A Rotten Tomatoes reader described The Expendables thusly: “Its purpose is to be violent.” Mission accomplished. Sylvester Stallone’s long-rumored convening of the Lat Pack – a motley crew of action stars past and present, including Jason Statham, Dolph Lundgren and, in his first dramatic role since 2004’s Around the World in 80 Days, Gov. Arnold Schwarzenegger – is a love letter to bloody excess.
Where is Seagal? Van Damme? Chuck Norris? For every macho icon Stallone failed to recruit, he compensates with serviceable substitutes like former pro wrestler Steve Austin and UFC star Randy Couture. The movie even reunites The Pope of Greenwich Village co-stars Mickey Rourke and Eric Roberts (whose best-known bouts have taken place off-camera), though they never share screen time.

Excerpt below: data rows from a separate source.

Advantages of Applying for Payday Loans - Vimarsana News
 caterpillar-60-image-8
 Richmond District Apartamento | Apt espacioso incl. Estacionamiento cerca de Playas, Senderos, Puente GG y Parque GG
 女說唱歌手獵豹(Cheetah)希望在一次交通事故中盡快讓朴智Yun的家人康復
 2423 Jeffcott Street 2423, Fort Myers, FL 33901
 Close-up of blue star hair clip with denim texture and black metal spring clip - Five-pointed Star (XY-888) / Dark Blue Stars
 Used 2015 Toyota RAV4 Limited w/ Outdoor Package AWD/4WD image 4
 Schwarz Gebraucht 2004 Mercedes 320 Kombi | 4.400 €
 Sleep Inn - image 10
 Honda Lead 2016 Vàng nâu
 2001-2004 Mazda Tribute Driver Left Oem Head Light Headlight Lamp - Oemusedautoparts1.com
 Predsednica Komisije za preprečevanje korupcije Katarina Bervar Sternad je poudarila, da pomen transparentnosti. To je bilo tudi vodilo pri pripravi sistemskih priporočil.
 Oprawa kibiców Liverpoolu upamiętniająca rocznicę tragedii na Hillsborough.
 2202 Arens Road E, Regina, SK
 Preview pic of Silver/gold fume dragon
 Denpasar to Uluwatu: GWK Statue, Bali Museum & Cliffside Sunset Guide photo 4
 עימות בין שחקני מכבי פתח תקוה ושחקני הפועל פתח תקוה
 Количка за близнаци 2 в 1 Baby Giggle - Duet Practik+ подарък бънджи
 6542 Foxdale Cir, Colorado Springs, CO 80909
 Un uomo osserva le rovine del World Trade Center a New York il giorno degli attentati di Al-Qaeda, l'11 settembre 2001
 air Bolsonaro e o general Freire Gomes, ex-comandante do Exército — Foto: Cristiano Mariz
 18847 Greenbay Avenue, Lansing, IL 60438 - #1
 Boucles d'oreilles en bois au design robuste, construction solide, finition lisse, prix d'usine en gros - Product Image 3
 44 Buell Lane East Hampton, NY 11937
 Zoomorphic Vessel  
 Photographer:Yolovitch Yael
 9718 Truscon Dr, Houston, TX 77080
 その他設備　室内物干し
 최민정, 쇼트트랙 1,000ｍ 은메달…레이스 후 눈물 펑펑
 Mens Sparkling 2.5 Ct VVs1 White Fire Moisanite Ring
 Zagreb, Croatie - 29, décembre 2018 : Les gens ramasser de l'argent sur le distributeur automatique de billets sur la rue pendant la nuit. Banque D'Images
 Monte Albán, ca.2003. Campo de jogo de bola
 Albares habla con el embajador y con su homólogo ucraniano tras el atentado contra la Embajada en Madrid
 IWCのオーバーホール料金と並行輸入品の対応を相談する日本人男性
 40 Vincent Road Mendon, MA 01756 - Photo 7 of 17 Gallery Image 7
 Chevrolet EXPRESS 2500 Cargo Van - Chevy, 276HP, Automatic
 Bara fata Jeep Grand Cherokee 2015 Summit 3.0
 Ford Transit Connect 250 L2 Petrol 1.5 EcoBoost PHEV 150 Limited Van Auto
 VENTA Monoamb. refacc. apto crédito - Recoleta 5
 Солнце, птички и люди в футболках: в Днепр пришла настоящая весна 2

Perhaps if Stallone, who co-wrote The Expendables, offered a more compelling reason for these street-fighting men to break out their boomsticks, the mayhem might have unfolded with a greater sense of urgency. Yet his story, about aging mercenaries hired by the CIA to murder a third-world dictator (David Zayas, of TV’s Dexter), is routine in every respect.
Does it matter? The audiences for whom The Expendables represents a wish belatedly fulfilled aren’t expecting Shakespeare, but Stallone, once an Oscar-nominated screenwriter, is strictly on autopilot here. He never misses an opportunity to slip in a worn-out one-liner (“Your mama!”) or a hoary cliché, and he keeps the body count rising rapidly enough to warrant a UN intervention.
But that’s the point, you say – guns, babes, testosterone and more guns. That’s the formula, all right, one Stallone employed to more rousing effect in 2008’s Rambo. Here, his lack of effort is evident not only in his story, which sputters out of the gate, but also his characters. Their motivations are murkier than the action, which, often shot in extreme close-up, is difficult to watch, much less understand.
A little suspense might have helped, but we never sense that Stallone’s all-star hit squad is in any real danger. The question is not whether they’ll survive – that’s assured – but whether they’ll run out of bullets.
As a showcase for its stars, The Expendables makes a strong case for Roberts, whose bark has lost none of its bite. Among the wasted are Jet Li, the wushu champion whose acrobatic kicks are missing in action, and former San Diego Chargers linebacker Terry Crews, who, like everyone else, just shows up. Barely.